Prompt –
Could the data below be copied exactly, minus the pictures?

*** Raw data ***

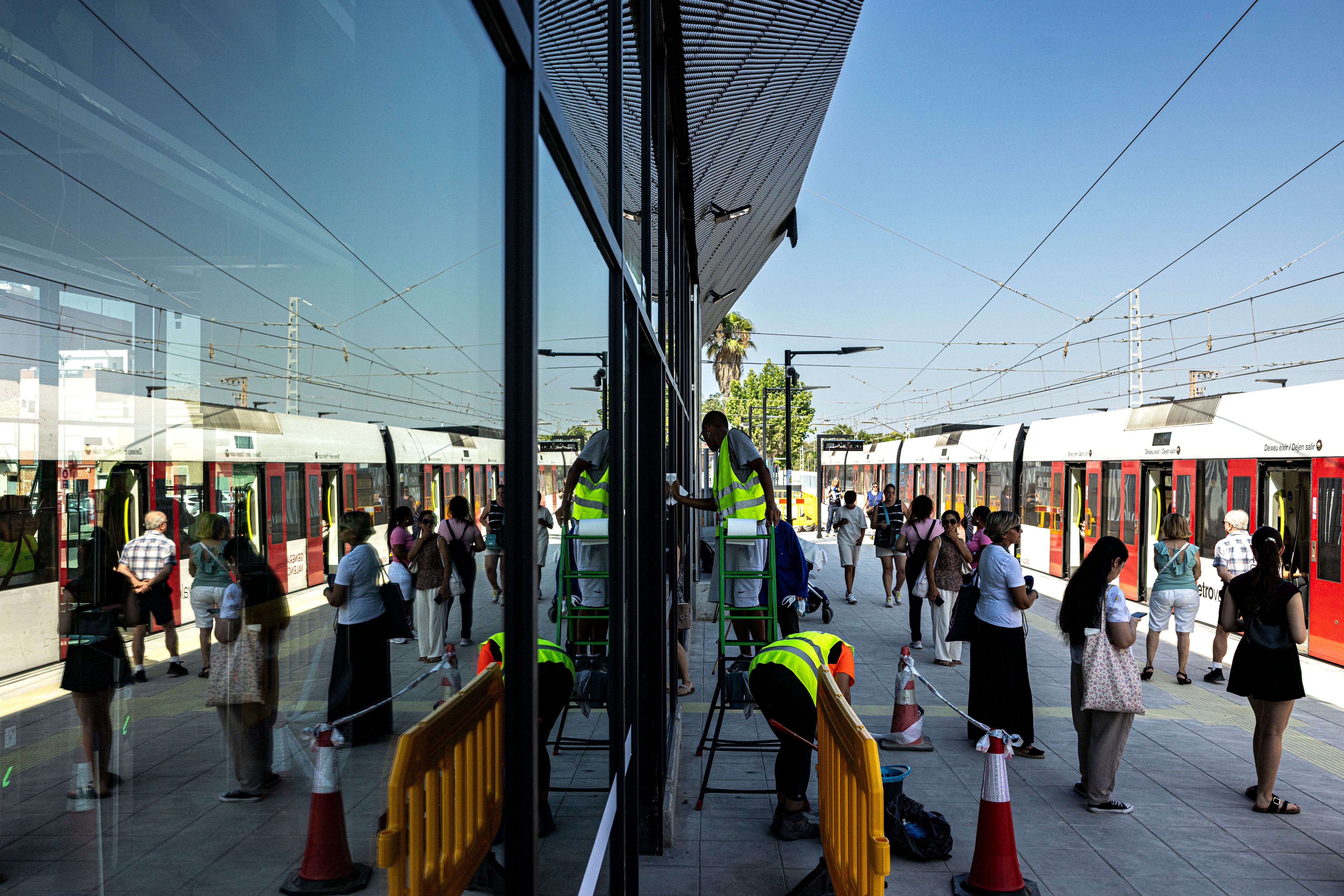 Estación del metro de Paiporta con viajeros y operarios acabando las obras, este viernes por la mañana.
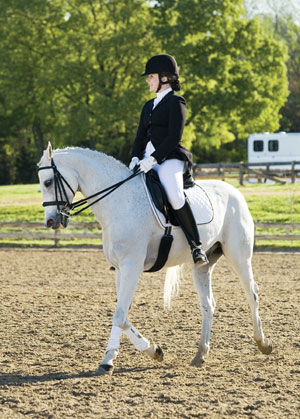 Rider with helmet on a white horse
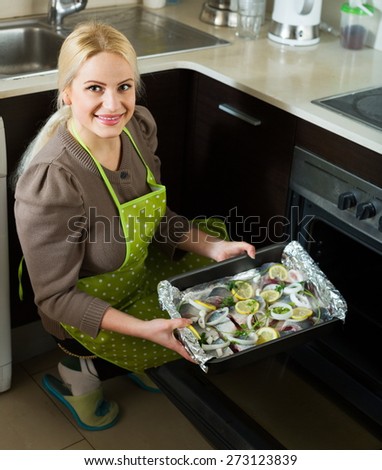 Smiling woman cooking fish  in oven at home kitchen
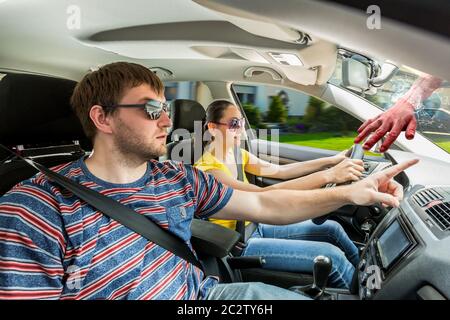 Pärchen fährt das Auto, blutige menschliche Hand im Fenster Stockfoto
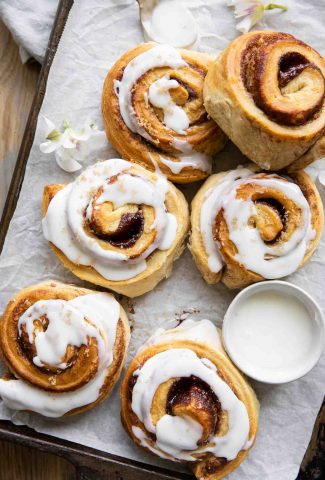 Small-Batch Cinnamon Rolls on a baking sheet with icing.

***

Final answer –
 Estación del metro de Paiporta con viajeros y operarios acabando las obras, este viernes por la mañana.
 Rider with helmet on a white horse
 Smiling woman cooking fish  in oven at home kitchen
 Pärchen fährt das Auto, blutige menschliche Hand im Fenster Stockfoto
 Small-Batch Cinnamon Rolls on a baking sheet with icing.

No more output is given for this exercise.